Business leaders can keep this threat at bay by creating and implementing policies that outline the kind of devices employees should use to access corporate data. These policies can also contain security best practices and outline how to handle software updates. Another valid option would be to implement data masking techniques like encryption.
3. Shadow IT
Shadow IT has always been an issue even before the pandemic hit. Employees who are always looking for more effortless ways to do their job are known to use unsanctioned apps from time to time. Sure, not all apps pose security risks, but a data breach might need only having a single employee use a malware-infested application.
What's even worse is that IT departments might not know that employees are using these unsanctioned apps. When employees were working in the office, it was easier to spot the use of unsanctioned apps.

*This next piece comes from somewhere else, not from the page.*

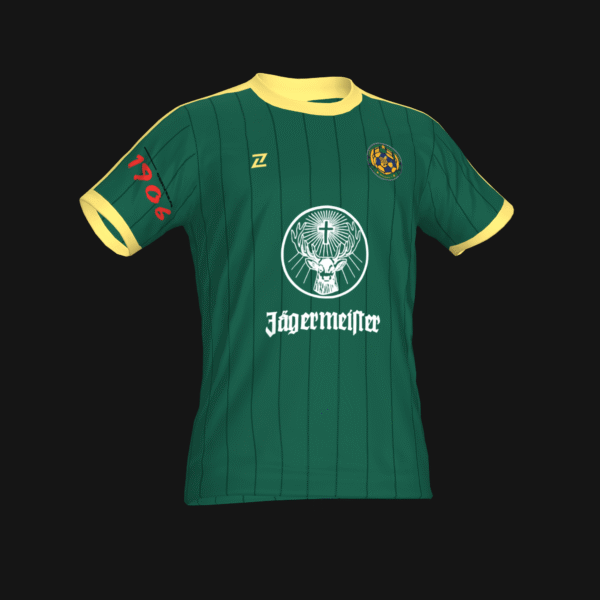 AMAZONIA FC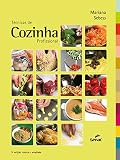Imagem de capa da Amazon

However, with more employees working remotely, they have the freedom to design their work environment, and this includes the apps they can use. Sure, IT departments might offer a list of sanctioned apps, but most employees will use other alternatives if the sanctioned ones can't make their work easier.

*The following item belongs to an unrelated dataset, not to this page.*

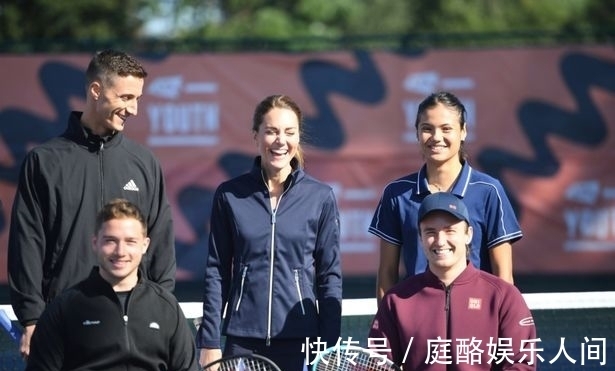 尤文图斯的 尤文图斯的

IT departments can tame this menace by containerizing their corporate data on employee's devices and involving employees in picking the ideal organizational tools for their jobs. Besides giving you more control over what employees can do with corporate data, containerization un-complicates most security complexities that come with remote work.
4. Poor Physical Security
It is tough to predict who your employees interact and live with at home. In some cases, the threat actors could also be neighbors. In the office environment, it is pretty easy to achieve physical security. Employees can store sensitive documents under lock and key. Your office environment is a sanctuary for your business operations, with little to no intrusion from the outside world.
The situation can be reversed when working from home. Employees who aren't aware of common cybersecurity threats could leave sensitive documents lying around anywhere. They could also forget to turn off their computer screens when interacting with friends and neighbors. As for the disposal of confidential documents, employees may lack shredders at home to make the data unrecognizable. All these factors make it easier for threat actors to gain access to your corporate data.

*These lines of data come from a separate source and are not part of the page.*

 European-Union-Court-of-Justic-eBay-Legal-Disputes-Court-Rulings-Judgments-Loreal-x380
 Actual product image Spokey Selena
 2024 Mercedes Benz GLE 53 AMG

Corporate leaders can implement cloud storage solutions to limit the amount of data employees store physically. Training employees on the best practices for physical security will also ensure that corporate data is safe, even while working remotely.
5. Insider Threats
Insider threats occur when employees expose sensitive corporate data either intentionally or unintentionally. With the stress levels brought about by COVID-19 and its effects on most employees' finances, most people could be looking for additional income sources. Employees who have had to take a pay cut or were laid off might be disgruntled to the point of selling your data.
In other cases, the lack of a nearby IT department to approach security concerns also increases the chances that employees will make costly mistakes. While IT departments might be reached through a phone call, there are instances where the responsible people might be out of reach. Having employees sign, NDAs could help mitigate common insider threats from disgruntled staff members. As for common security errors employees can commit, solving them can be as easy as educating employees and ramping up your IT team's availability.
Businesses that want to survive through the pandemic will need to find ways to deal with the threats above. One great way to start is by educating employees on cybersecurity best practices. Business leaders will also need to continually monitor their businesses to identify security loopholes that pose the most significant threats.